Whether we like it or not, beloved movies from the 80s are going to be pillaged for illconceived sequels and reboots for the forseeable future. Always seen as an easy way to make cash and get the fans on side. Like shooting fish in a barrel!

Shooting Fish #1 - Gremlins 3
But things are never that simple.

Shooting Fish #1: Gremlins 3

Part 1. The Background.


Gremlins should have been a throwaway film. A forgettable piece of B-Movie genre cinema from an age when the screens were full of such movies.

But much like the Gremlins themselves, who morphed into every movie stereotype the producers could think of during the famous scene at Dorry’s Tavern, the movie refused to be just one thing. It was a creature feature, a horror, a christmas film, a satirical comedy and a deliciously dark kid’s movie from the decade that defined what a kid’s movie could be and decided it didn’t have to be just Disney.

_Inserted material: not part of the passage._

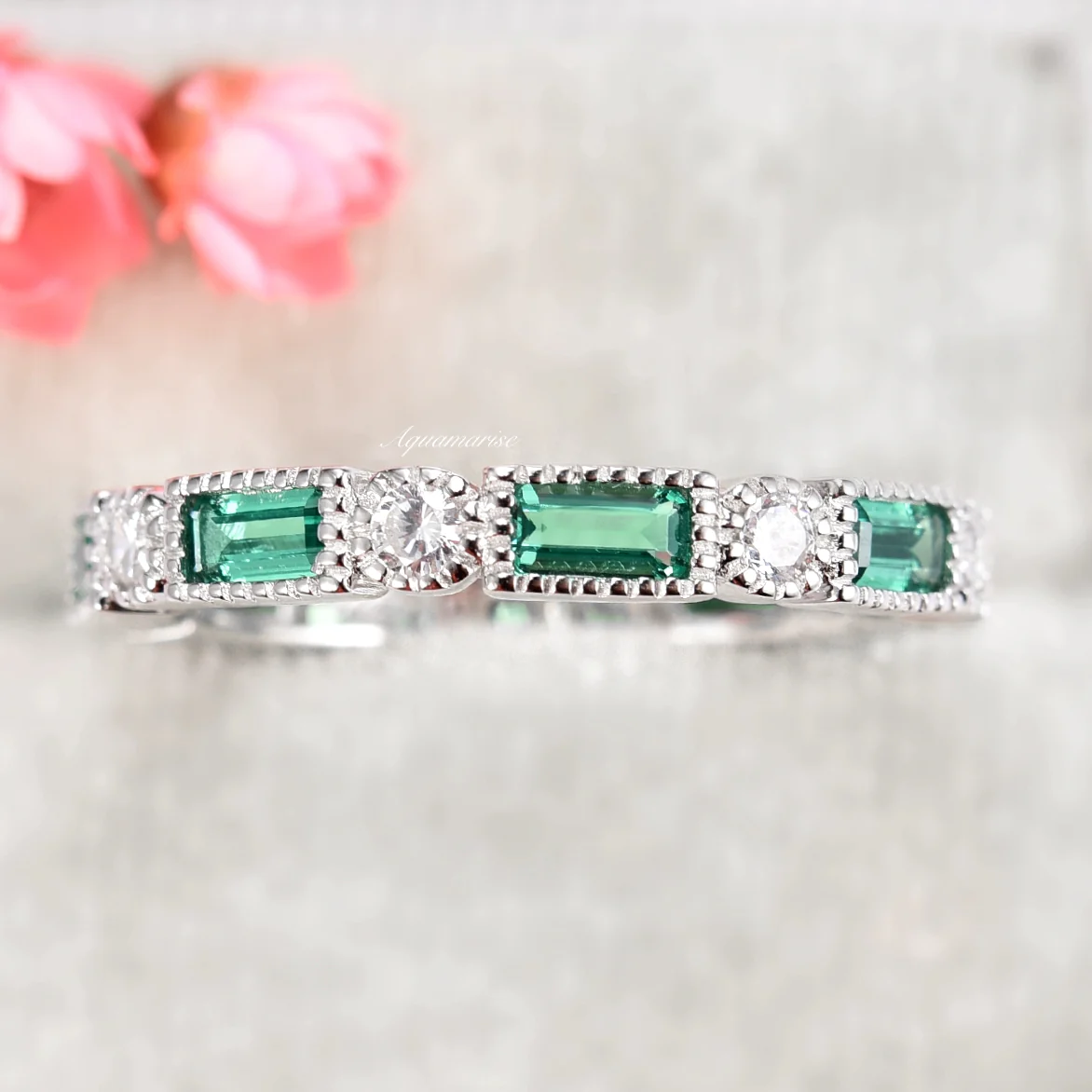 Ari Art Deco Emerald Wedding Band- Sterling Silver - Image 2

And to people of a certain age, (ahem…. hi) it’s more than that. A cultural phenomenon with dialogue and lore still quoted to this day. Hated by critics at the time, but raised way beyond the level of “just a film” by the army of excitable 8-year-olds like me that took it to their hearts, it succeeded as much because of its limitations as despite them. It became “ours”. Parents enjoyed E.T. with their kids and thought Back to the Future was a wonderful piece of family cinema. But they thought Gremlins was stupid. And they were right… it was just OUR kind of stupid. And it was pretty clever for a stupid film.

The Academy Awards voted Terms of Endearment the best film in 1984, and as great as that film is, ask yourself how often you’ve quoted it since? Because I know you’ve quoted Gremlins.

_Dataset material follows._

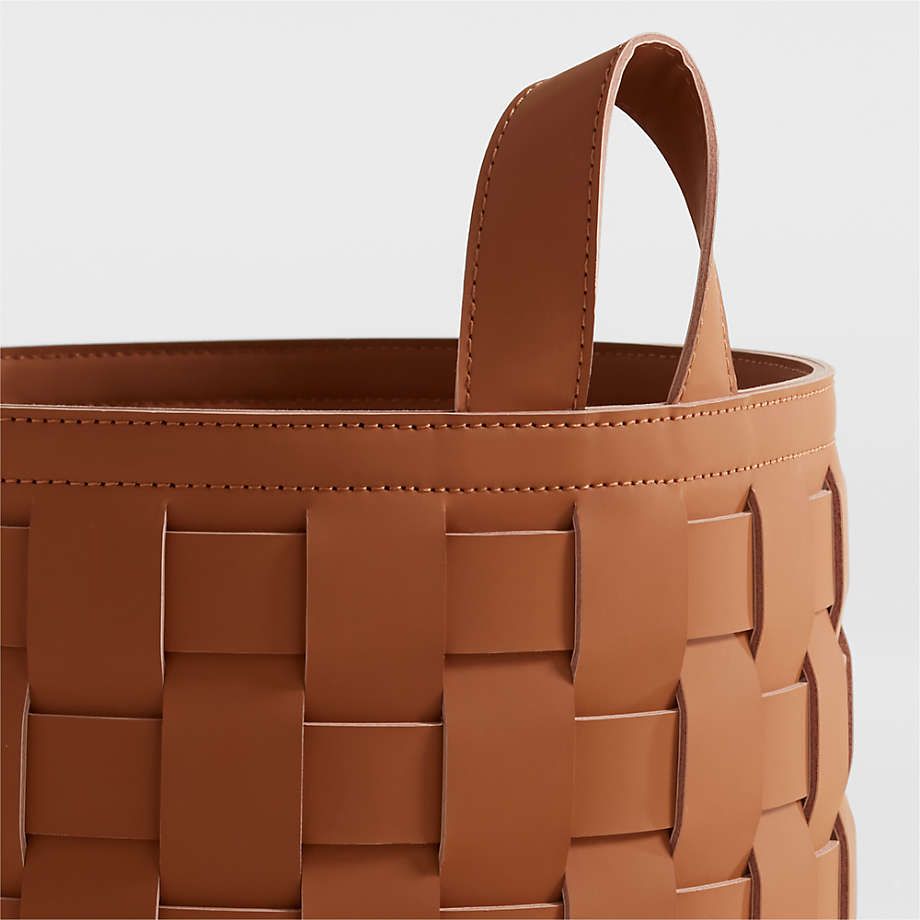 Wide Weave Leather Basket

Gremlins sing a Christmas carol

Having got it so wrong in 1984, the industry that dismissed Gremlins decided to jump on board for Gremlins 2 and revel in some of that lovely praise (in the form of cash, I’m sure they hoped). But just as an expectant movie industry belatedly jumped onto the Gremlins bandwagon, director Joe Dante jumped off. Initially uninterested in making a sequel, thinking the original did everything it set out to, Dante finally relented after Warners Bros. tripled the film’s budget and gave him 100% artistic control over the final film, something almost unheard of at the time for a big studio production.

So, Joe took this unexpected bounty and created an anti-corporate, anti-movie, anti-sequel and even anti-Gremlins movie. It broke a ridiculous amount of film making conventions, took the piss out of itself and everyone else, and forced people to use the word “zany” for the first time since the 1950s.

Not at all what Warners envisaged, Gremlins 2 may have been exactly the film Dante wanted to make, but it essentially killed off the chances of any future films. Indeed, that may have been exactly what he intended.

Brain Gremlin sings New York New York

So while the Gremlins continued wreaking havoc across other media, with an excellent animation “The Secrets of the Mogwai” currently ongoing, as well as comics, novelisations, TV adverts and video games, it seemed Joe Dante’s “zany” sequel ended the big screen adventures of Gizmo and Co.

Yet more than 4 decades after the original disaster in Kingston Falls, the prospect of a third film remained, quietly resting inside an ornate wooden box (perhaps). The main reason it didn’t happen sooner was no one could agree how to continue the franchise. How do you write a script for a sequel when the film immediately before it pulled to shreds that very idea?

Plot, tone and even reboot versus continuation, all had to be finalised and nailed down tight and, despite the powerhouse names involved (Dante, Spielberg, Columbus) along with dozens of experienced writers, no one could see a way forward.